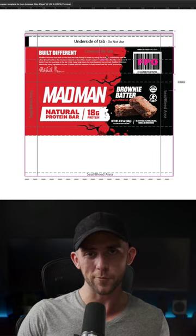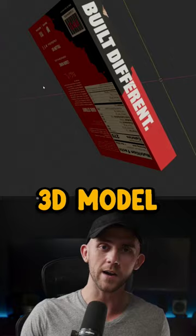Once approved, I'll just hide the mock-up, export the design, and place it perfectly in its spot on the die line. Then it's just repeating that same process for all the sides of the package. If I'm working with a more complex design, sometimes I'll even make a 3D model to help me and the client visualize the final product.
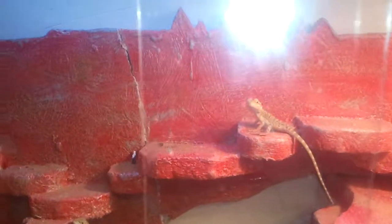A gauge to tell me what the humidity is. And there's their food dish.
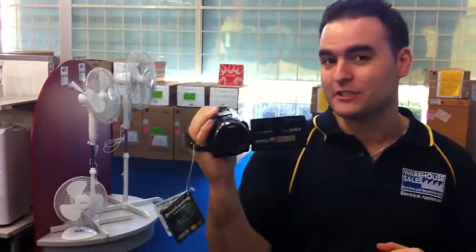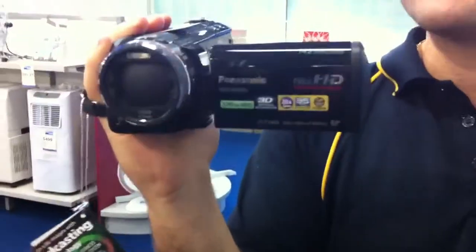Hi and welcome to Warehouse Sales. At the moment we're looking at the Panasonic HDC HS900 camcorder from Panasonic. This is a full HD camcorder so it will record in 1080p.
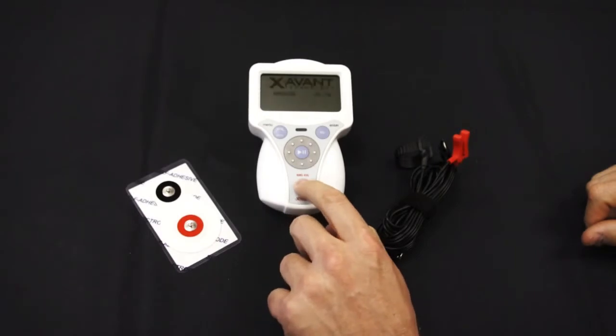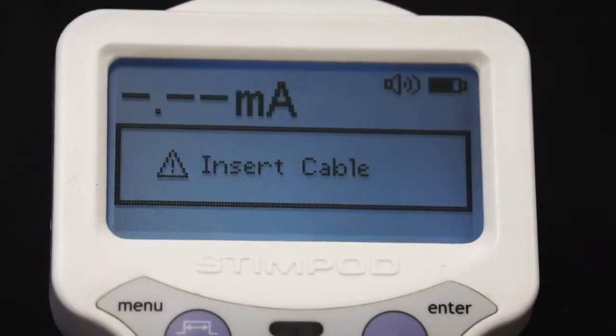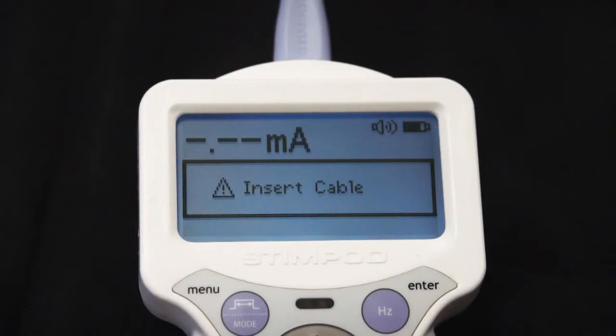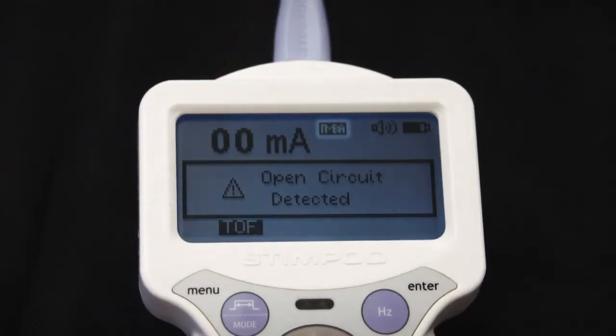Step 1: Switch the Stimpod device on. A warning screen will appear prompting you to insert the cable. Step 2: Insert the cable. The accelerometer light will flicker from red to blue, and a screen alert stating 'open circuit' as well as the NMBA mode icon will appear, and the device will default to TOF mode.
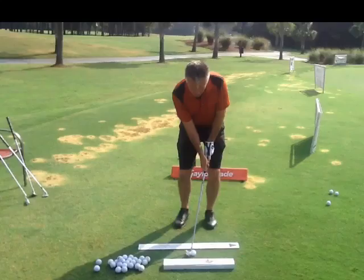Now, on the downswing, we see you get totally stagnant with the body. We have to have a little turn with the hips and turn with the belly button to help you keep the handle ahead and to get your hands out of it.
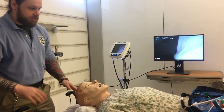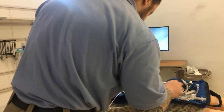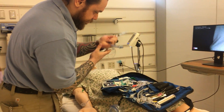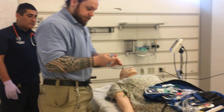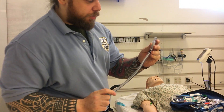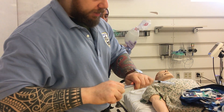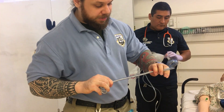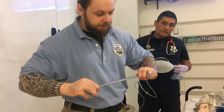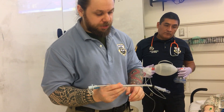Now I want to talk about how to adjust the endotracheal tube to insert it properly. Take a 7.5 tube and a stylet — make sure the stylet is not past the Murphy's eye. Then I like to put it in a hockey stick position: straight to the cuff and then bent like a hockey stick. This shape gives you much easier maneuverability — if the airway is anterior you can twist it up, if it's posterior you can twist it down.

ACTIVITY -
Take the line that contains "A gauge to tell" and every line after it up to the end of the records above, and restate them exactly, without the pictures.

YOUR RESPONSE -
A gauge to tell me what the humidity is. And there's their food dish.
Hi and welcome to Warehouse Sales. At the moment we're looking at the Panasonic HDC HS900 camcorder from Panasonic. This is a full HD camcorder so it will record in 1080p.
Step 1: Switch the Stimpod device on. A warning screen will appear prompting you to insert the cable. Step 2: Insert the cable. The accelerometer light will flicker from red to blue, and a screen alert stating 'open circuit' as well as the NMBA mode icon will appear, and the device will default to TOF mode.
Now, on the downswing, we see you get totally stagnant with the body. We have to have a little turn with the hips and turn with the belly button to help you keep the handle ahead and to get your hands out of it.
Now I want to talk about how to adjust the endotracheal tube to insert it properly. Take a 7.5 tube and a stylet — make sure the stylet is not past the Murphy's eye. Then I like to put it in a hockey stick position: straight to the cuff and then bent like a hockey stick. This shape gives you much easier maneuverability — if the airway is anterior you can twist it up, if it's posterior you can twist it down.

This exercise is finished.